- _Input for this task_
***

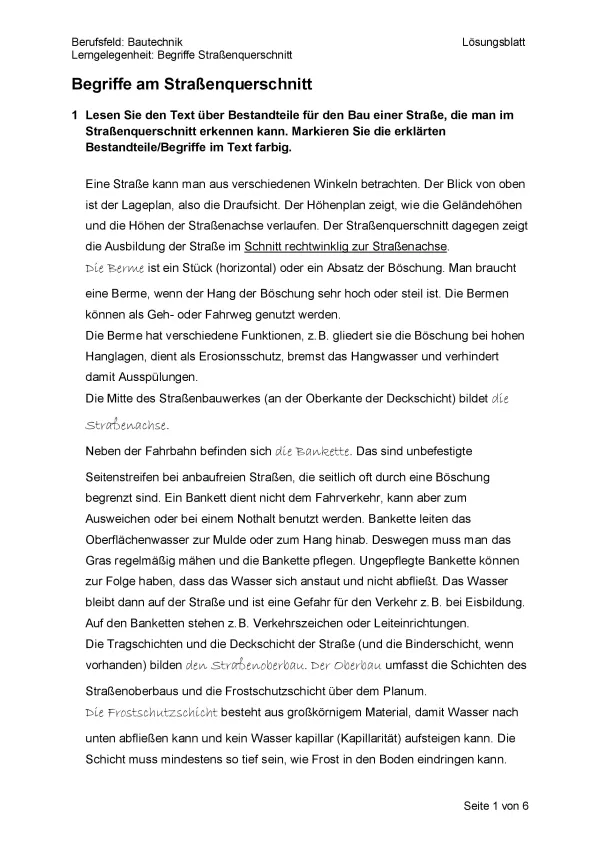 Text: Begriffe am Straßenquerschnitt - Lösungen (Word)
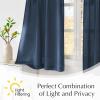 imageNICETOWN Natural Pinch Pleated Linen Kitchen Curtains 36 Inches Long 2 Panels Set Farmhouse Light Filtering Short Curtains for Cafe Bar Living Room Bedroom Window 40 W x 36 LNavy Blue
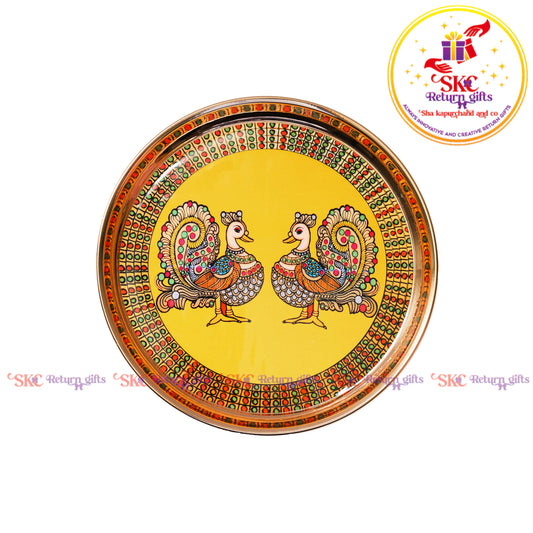 6 Inch Pichwai Brass Pooja Plate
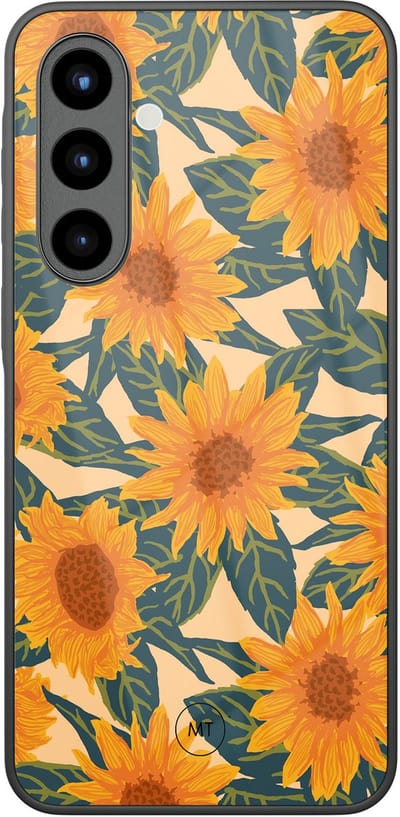 Hoesje geschikt voor Samsung Galaxy A56 - Zonnebloemen - Hard Case Zwart Back Cover - Natuur - Oranje - Mooie Telefoonhoesjes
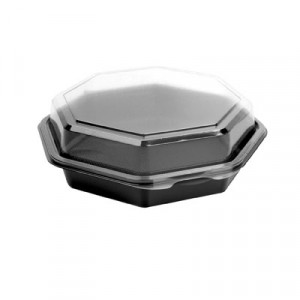 OctaView CF Containers, Black/Clear, 28oz, 7.94w x 7.48d x 3.15h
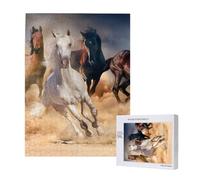 Puzzle da 500 pezzi, puzzle in legno, gioco di famiglia per adulti e adolescenti,Cavallo selvaggio che corre contro la tempesta di sabbia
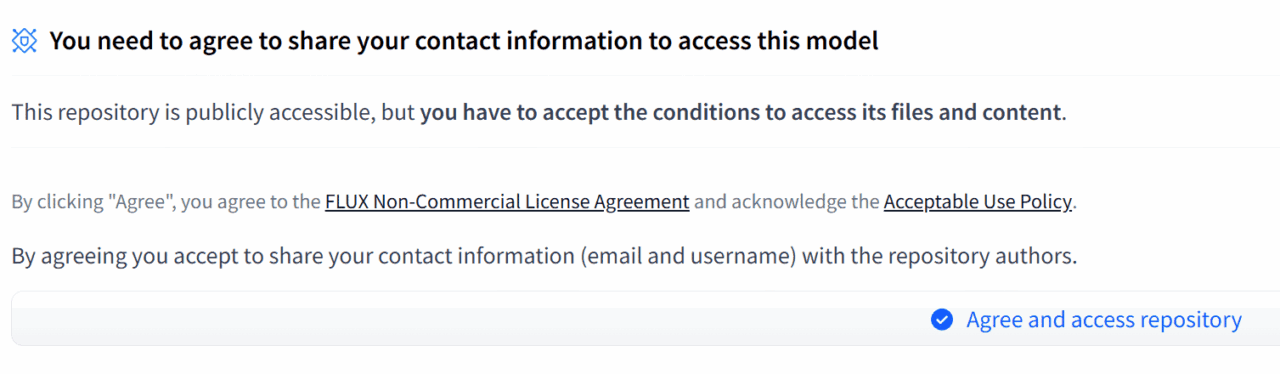 Hugging Faceでモデルの利用規約への同意を求める画面とAgree and access repositoryボタン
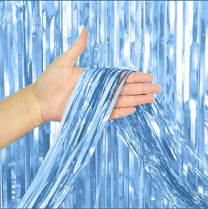 Foil Fringe Curtain Backdrop Metallic Light Blue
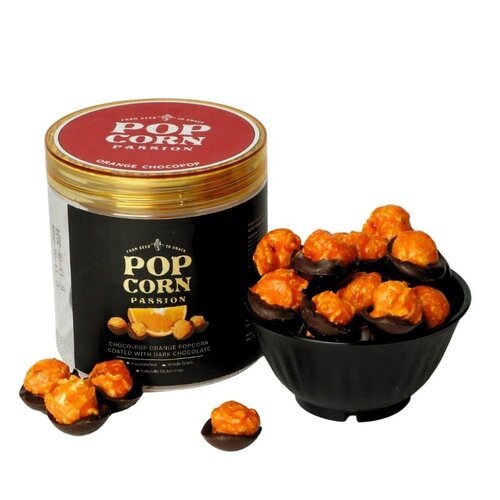 POPCORN PASSION Orange Popcorn coated with Dark Chocolate 140 Grams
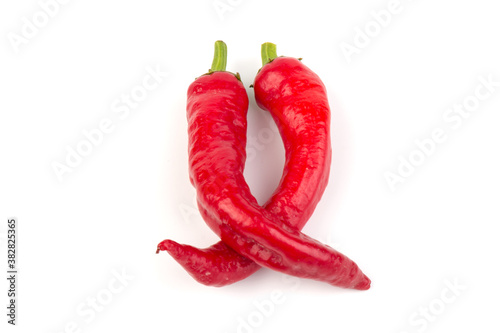 Red hot chili pepper isolated on white background. Close-up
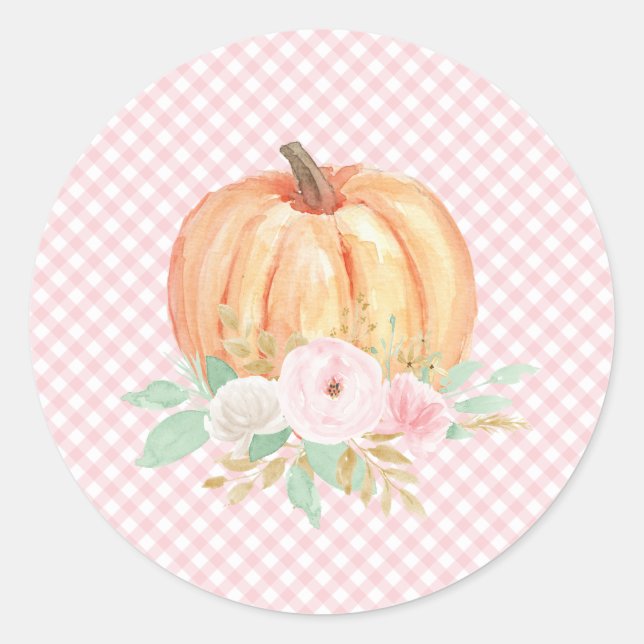 Our Little Pumpkin floral first birthday Classic Round Sticker (Front)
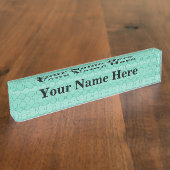  Art Deco Mint Groene Geometrische Mozaïek Naam Naambordje (Zijkant)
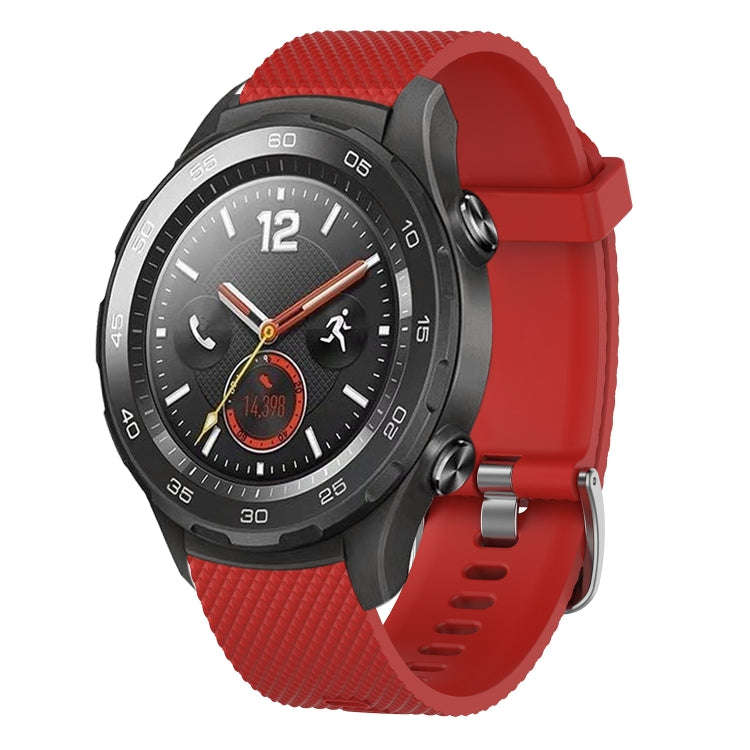 For Huawei Watch 2 20mm Diamond Textured Silicone Watch Band(Red)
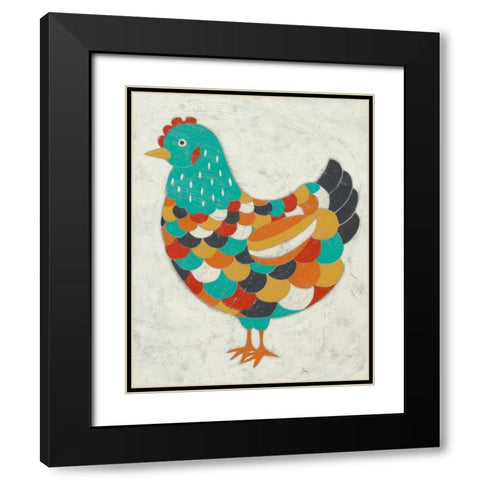 Country Chickens II Black Modern Wood Framed Art Print with Double Matting by Zarris, Chariklia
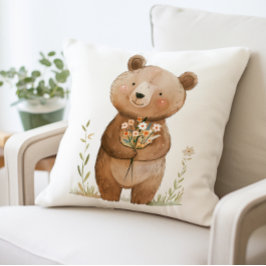Coussin Fleurs d'ours mignonnes Coussin, Teddy adorable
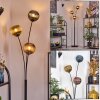 Koyoto globe light, floor lamp blue, gold, coppery, 3-light sources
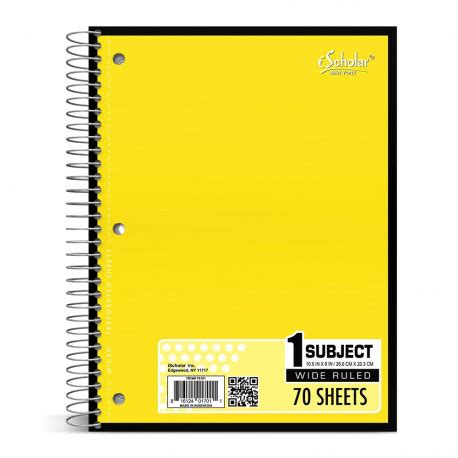 Spiral Notebook Wide Rule Yellow Cover 70 Sheets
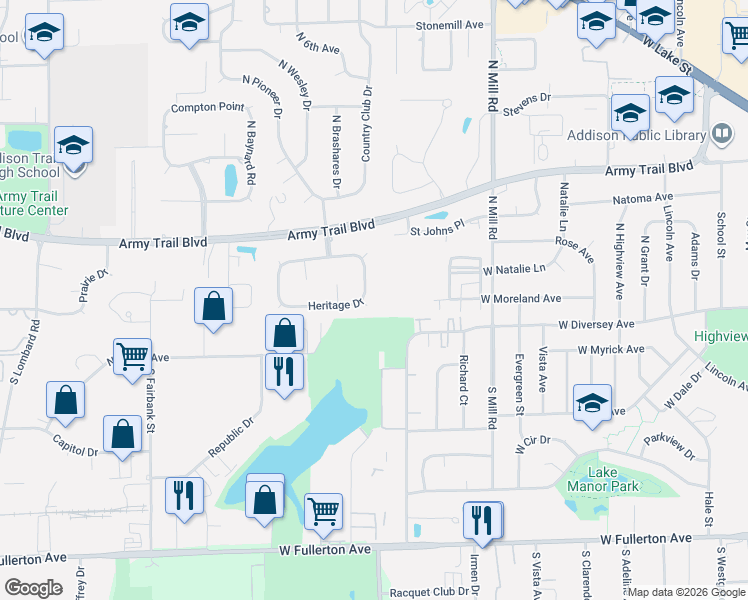 map of restaurants, bars, coffee shops, grocery stores, and more near 825 Heritage Drive in Addison
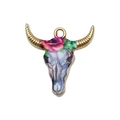Enamel cow skull pendant with colorful floral patterns and golden textured horns - Red Rose Art Style (19046)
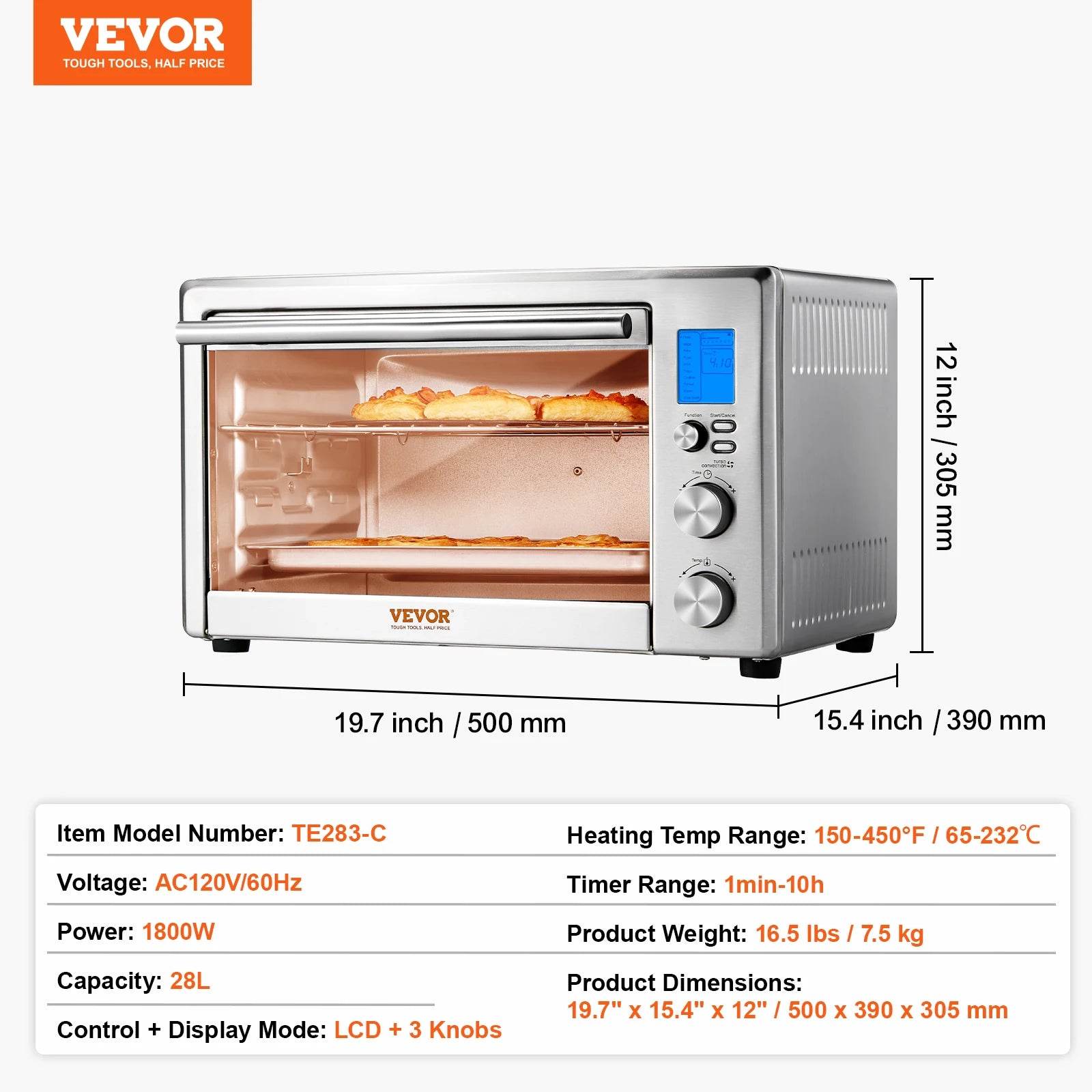 SucceBuy 10-IN-1 Convection Oven, 28L/29.6Qt - Loft&Timber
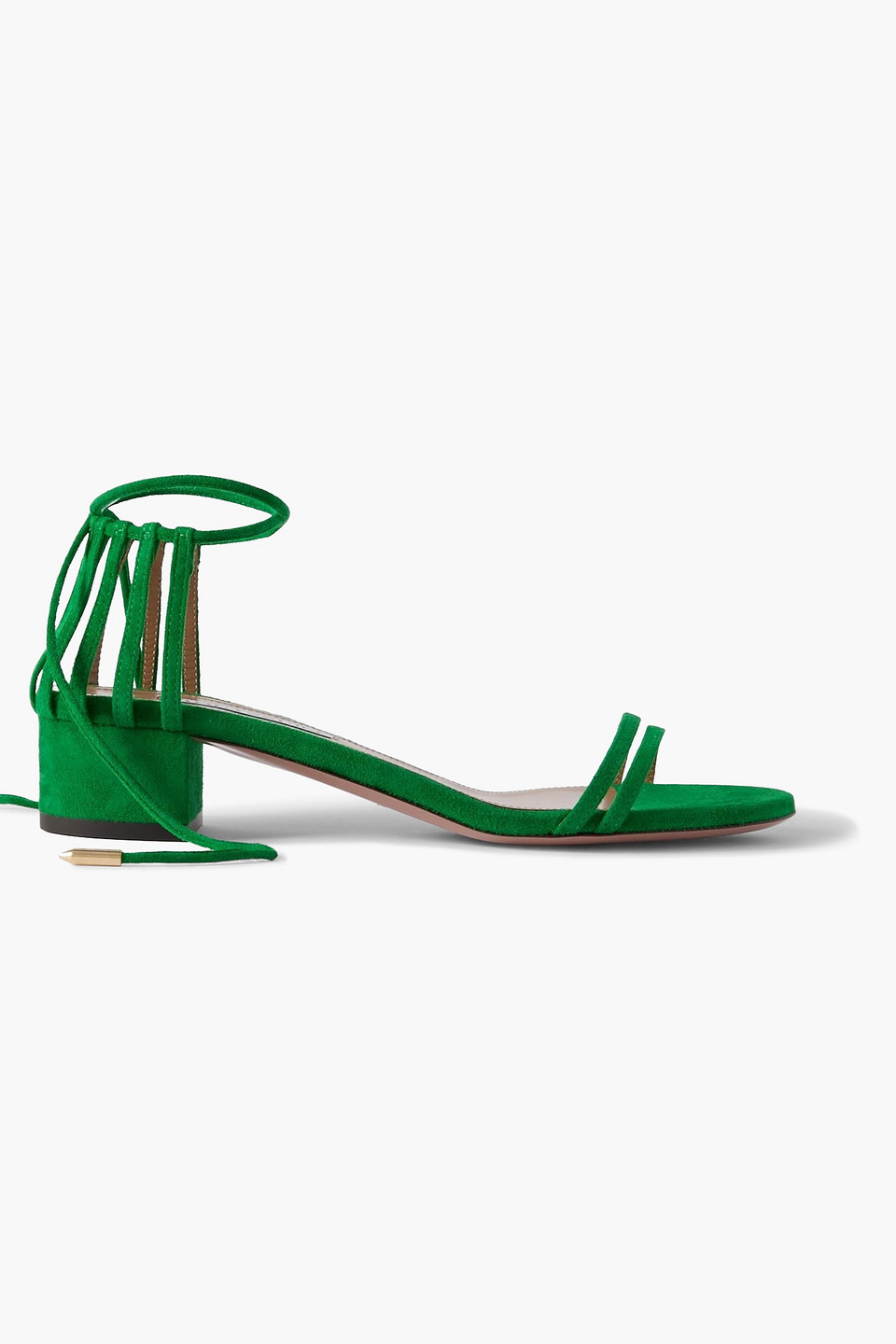 aquazzura - straight to heaven suede sandals - green - eu 39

***

- _Problem to work on_
Could you repeat exactly the lines from the one containing "Enamel cow skull" to the last line of the records, both included, and leave out every picture?

- _Answer section_
Enamel cow skull pendant with colorful floral patterns and golden textured horns - Red Rose Art Style (19046)
 SucceBuy 10-IN-1 Convection Oven, 28L/29.6Qt - Loft&Timber
 aquazzura - straight to heaven suede sandals - green - eu 39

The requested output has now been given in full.